Une étude est parue en octobre dans JAMIA sur le sujet. Alors que les prescriptions émises dans les logiciels de prescription en établissement sont en général rédigées avec une posologie structurée, aux États-Unis, les instructions posologiques contenues dans les prescriptions électroniques peuvent être structurées ou en texte libre. Un standard américain existe pour les ordonnances destinées au milieu communautaire, le NCPDP SCRIPT, mais l’utilisation des champs structurés n’est pas obligatoire. Ce standard utilise entre autres la terminologie SNOMED CT. Selon l’introduction de l’article, en 2020, environ 11% des ordonnances électroniques transmises aux pharmacies communautaires américaines utilisaient ce standard. L’objectif de l’étude était de déterminer l’étendue d’utilisation du standard dans un jeu de données de prescriptions électroniques provenant d’une entreprise gérant la transmission de prescriptions. Ensuite, les chercheurs souhaitaient comparer les instructions en texte libre aux éléments de données codifiés selon le standard dans les prescriptions, afin d’identifier les enjeux de qualité dans les prescriptions. En effet, des instructions en texte libre discordantes par rapport aux éléments de données granulaires codifiés dans la posologie, ou des éléments de posologie structurée illogiques, indiquent une prescription ambiguë ou contradictoire, à risque d’erreur.

Les auteurs ont obtenu un jeu de données provenant de 12 logiciels de prescription électronique couvrant 31 326 lieux de prescription aux États-Unis entre 2019 et 2021, pour un total de total 3 819 940 prescriptions électroniques. Ils ont identifié les prescriptions comportant des instructions structurées, et ont analysé les directives résultantes à l’aide d’un modèle de traitement du langage appelé Med7 afin de déterminer les doses, formes pharmaceutiques, voies d’administration, fréquences et durées des prescriptions. Au final, 32,4% des prescriptions comportaient au moins une composante de la posologie dans un format structuré.

Diverses analyses ont été réalisées pour déterminer la progression de l’utilisation de la posologie structurée à travers la période couverte par le jeu de données. Les auteurs ont aussi réalisé une comparaison de la prévalence de chaque composante des instructions posologiques entre les prescriptions rédigées directement en texte libre par rapport à celles rédigées de manière structurée.

Les enjeux identifiés dans les éléments de posologie structurée ont été évalués et catégorisés.
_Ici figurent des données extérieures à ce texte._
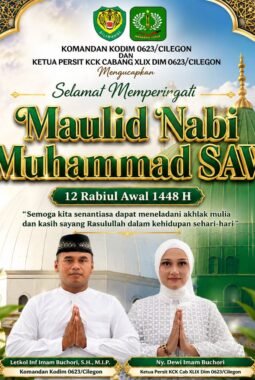 Dandim 0623/Cilegon Ucapkan Selamat Memperingati Maulid Nabi Muhammad SAW 1448 Hijriah, Mari Kita Bersama Teladani Akhlak Rasulullah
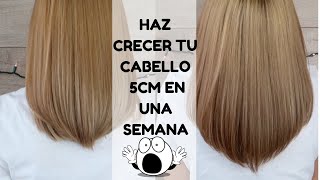 HAZ CRECER TU CABELLO 5CM CON ACEITE DE OLIVA EN UNA SEMANA😱 FUNCIONA  MODO MAYA DIY [upl. by Atrebla36]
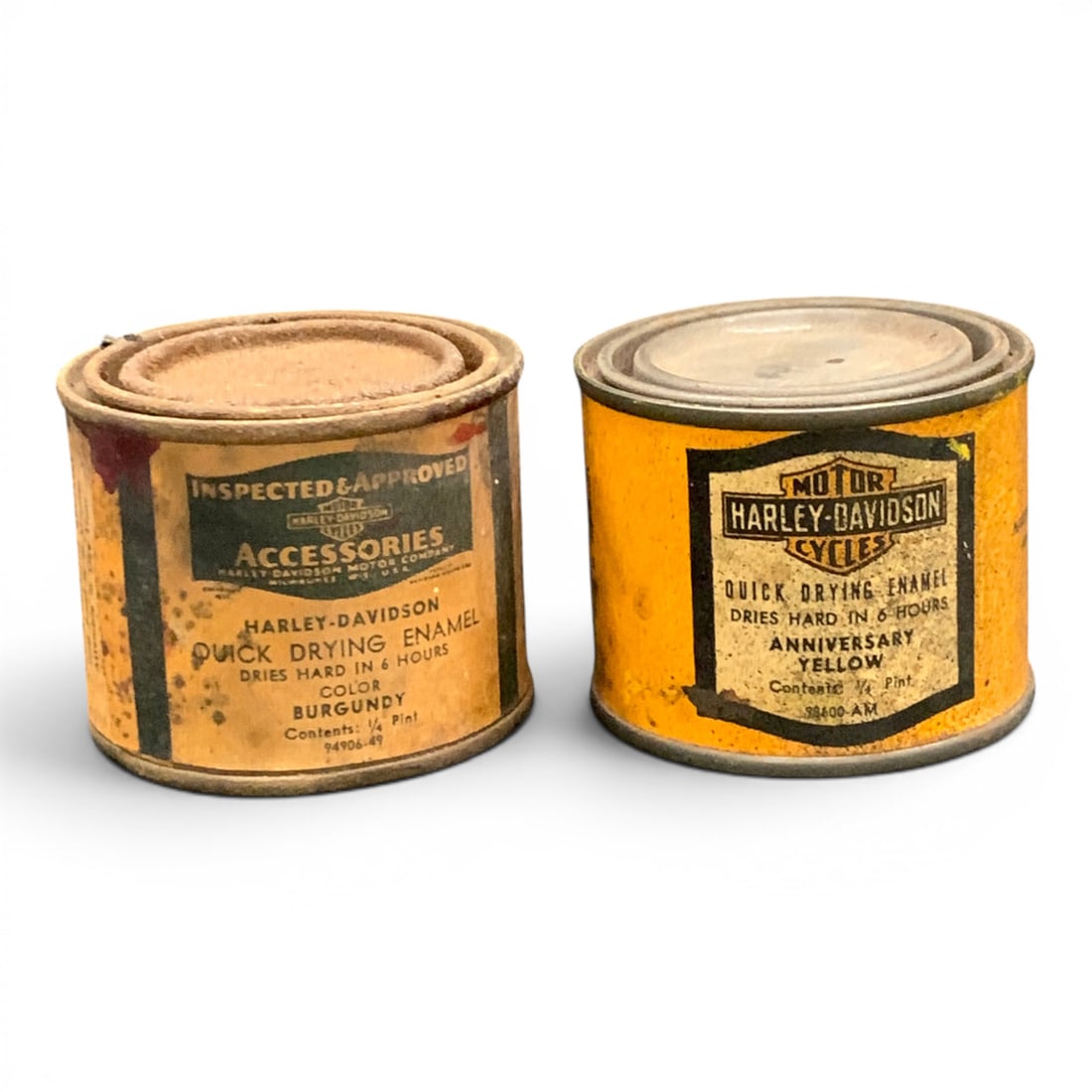 2 Vintage Harley Davidson Enamel Paint Cans (1 of 6)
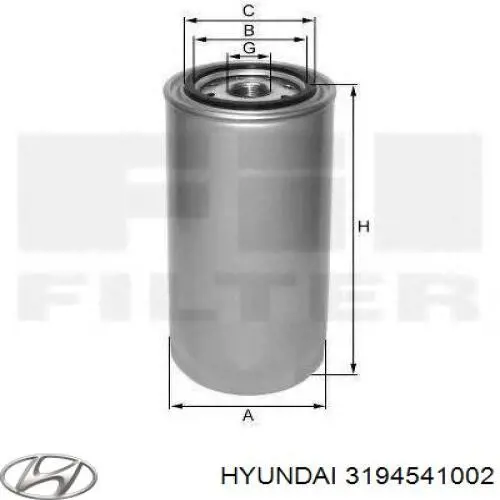 3194541002 Hyundai/Kia filtro de combustible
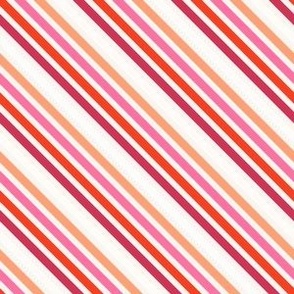 pink, cerise and red stripes diagonal stripe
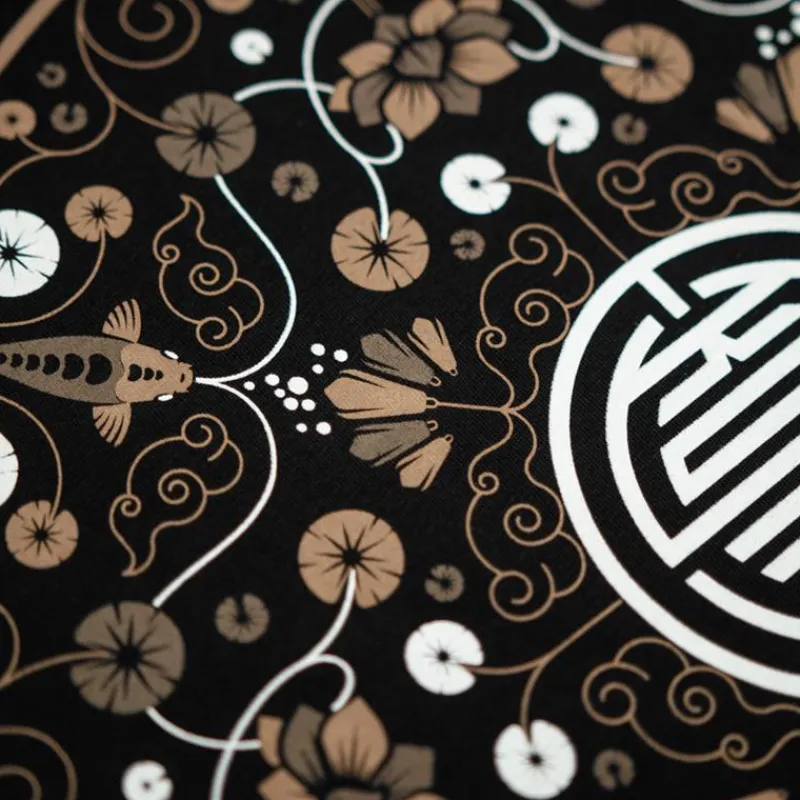 Kumu Tee Shirt Manches Courtes Homme Lotus - Noir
Cette section est très intéressante. On constate assez clairement que l’utilisation d’une posologie structurée ne prévient pas les ordonnances ambiguës ou illogiques. Citons par exemple:

  • Des ordonnances sans arrondissement (ex.: 975 mg = 30.4688 mL)
  • Des ordonnances pour lesquelles le calcul d’équivalence entre la dose et les formes pharmaceutiques était mal fait (ex.: 1000 mg = 1000 comprimés)
  • Des ordonnances où l’expression de fractions était mal calculée (ex: 11/2 comprimés = 5,5 comprimés plutôt que 1 1/2 comprimé soit 1,5 comprimé)
  • Des ordonnances avec une dose illogique (ex.: appliquer une demi petite quantité)
  • Des discordances entre les données structurées et le texte (ex.: texte dit « qd », mais la donnée structurée dit « qid »)

Les auteurs proposent des stratégies d’amélioration dans la discussion. Je vous invite à lire le texte complet si le sujet vous intéresse. Je retiens de cet article que l’utilisation d’une posologie structurée à des fins de transmission électronique des prescriptions en milieu communautaire n’aboutit pas automatiquement en des prescriptions de qualité. Comme en milieu hospitalier, deux enjeux majeurs sont les discordances entre le texte libre et les champs structurés, ainsi que les instructions ambiguës ou illogiques dans les champs structurés.